=== Exercise details ===
Begin at the line containing "Накладная электрическая розетка" in the records below, end at the line containing "(CR23)[bolze (rit) 今が旬!② (天地無用!) (CR23)[bolze", and retype each line in that span exactly. No other line and no image should appear.

=== Material for this task ===
Segment Open

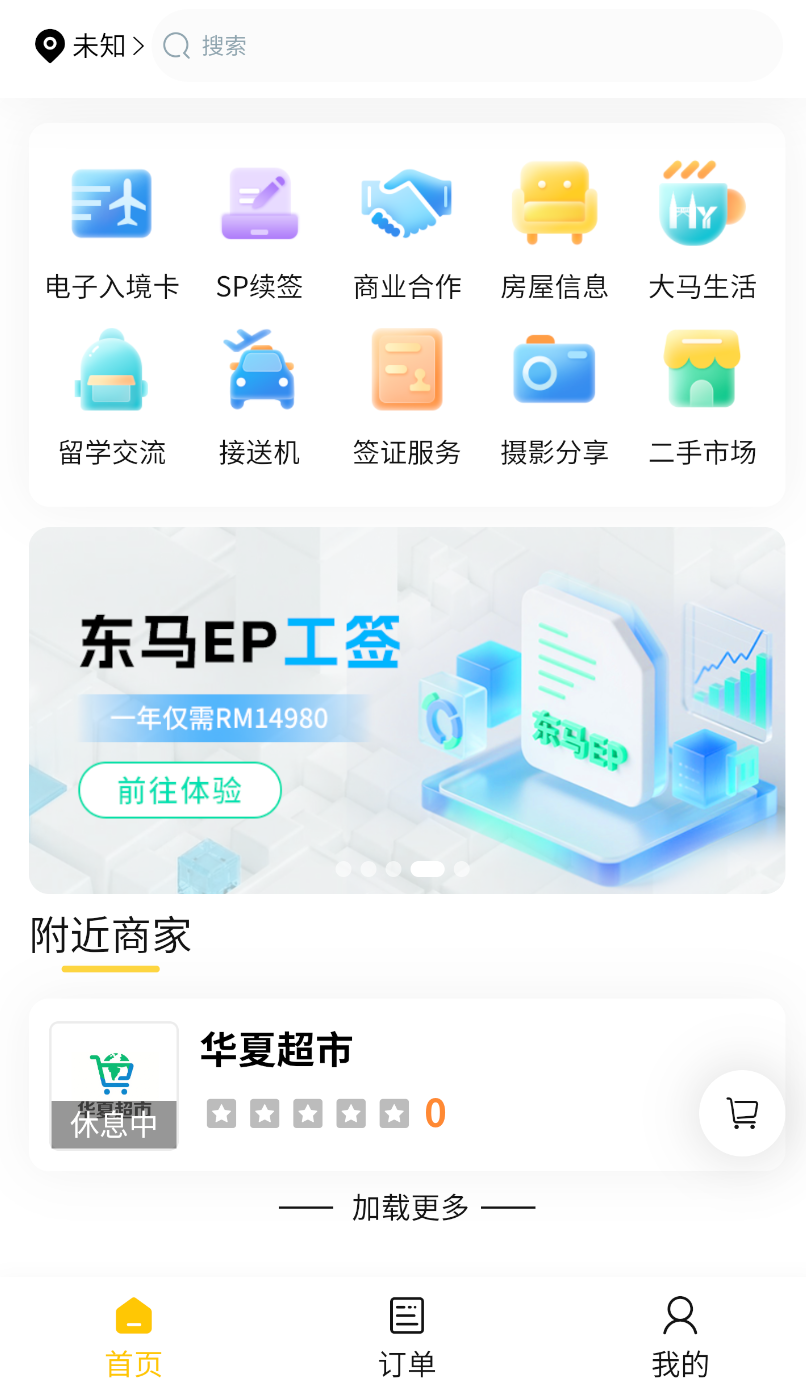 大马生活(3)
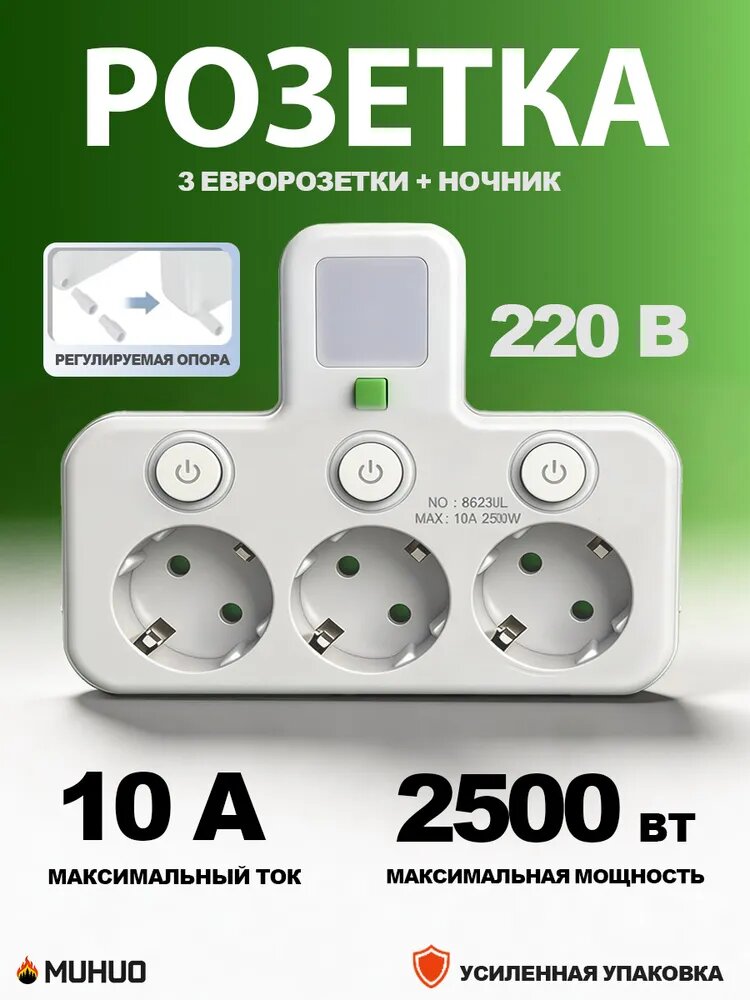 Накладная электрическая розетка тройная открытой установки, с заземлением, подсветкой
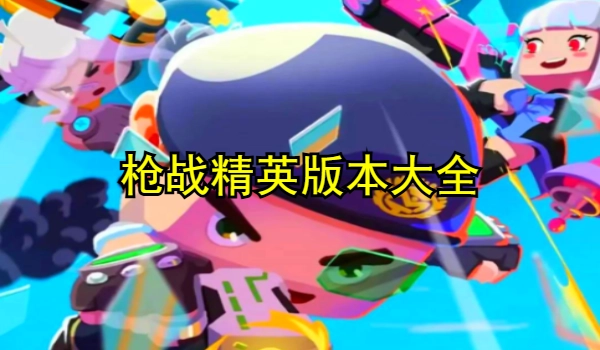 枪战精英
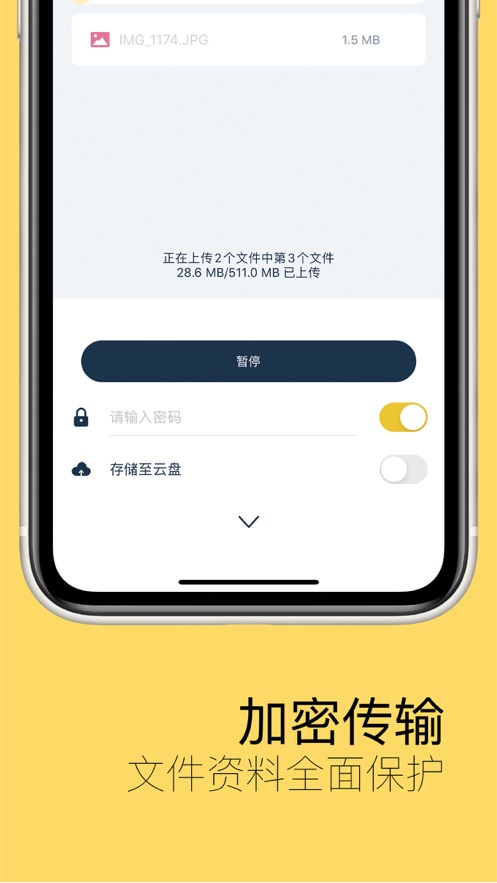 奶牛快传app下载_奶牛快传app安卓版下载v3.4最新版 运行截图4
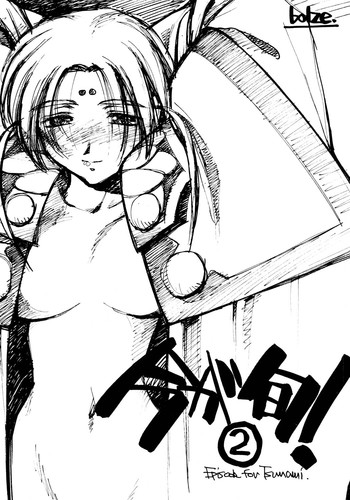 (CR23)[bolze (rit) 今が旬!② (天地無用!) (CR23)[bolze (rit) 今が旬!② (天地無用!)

Segment Closed
Segment Open

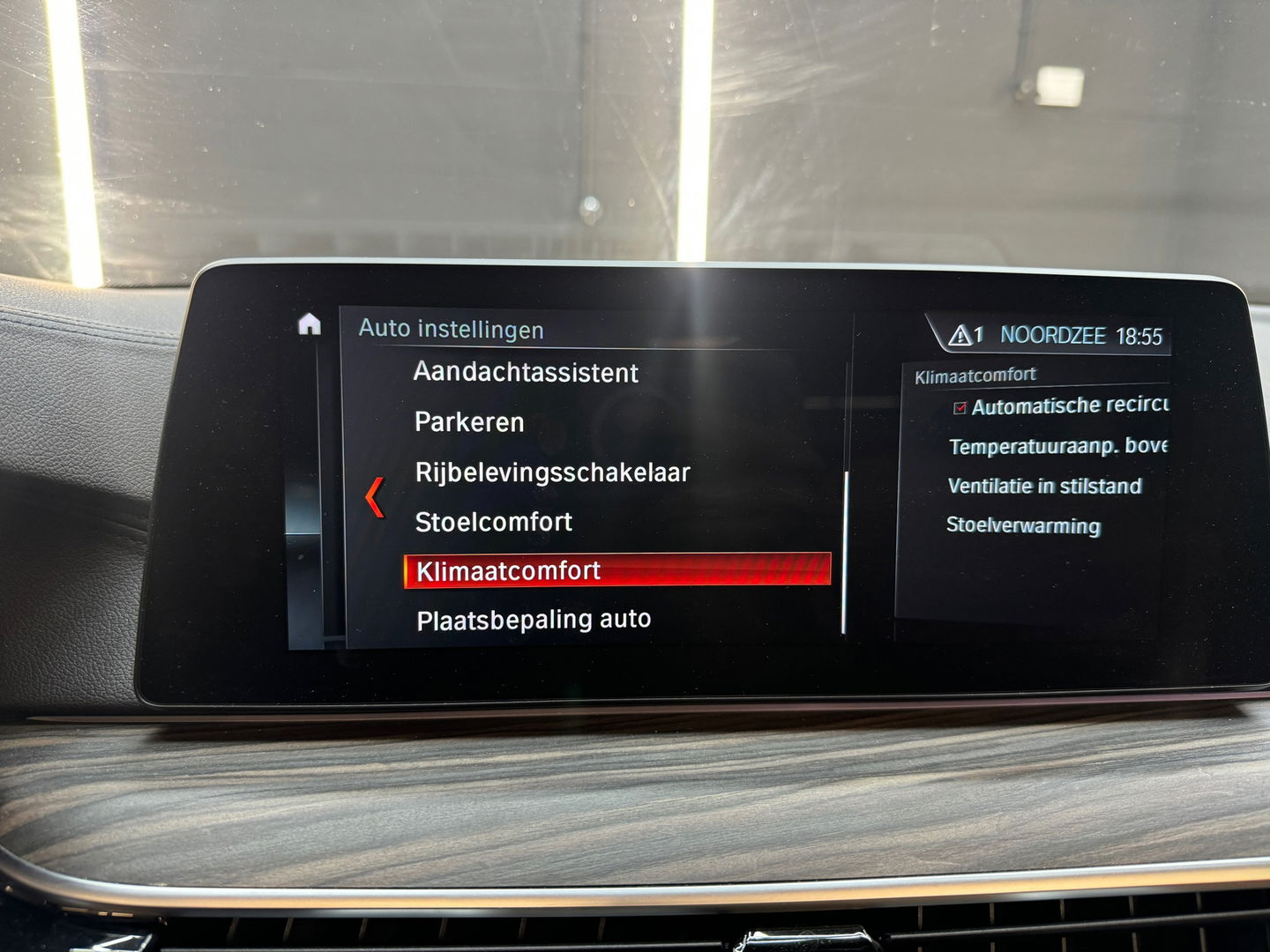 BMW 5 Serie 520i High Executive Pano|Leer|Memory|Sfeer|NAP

Segment Closed

=== Answer section ===
 Накладная электрическая розетка тройная открытой установки, с заземлением, подсветкой
 枪战精英
 奶牛快传app下载_奶牛快传app安卓版下载v3.4最新版 运行截图4
 (CR23)[bolze (rit) 今が旬!② (天地無用!) (CR23)[bolze (rit) 今が旬!② (天地無用!)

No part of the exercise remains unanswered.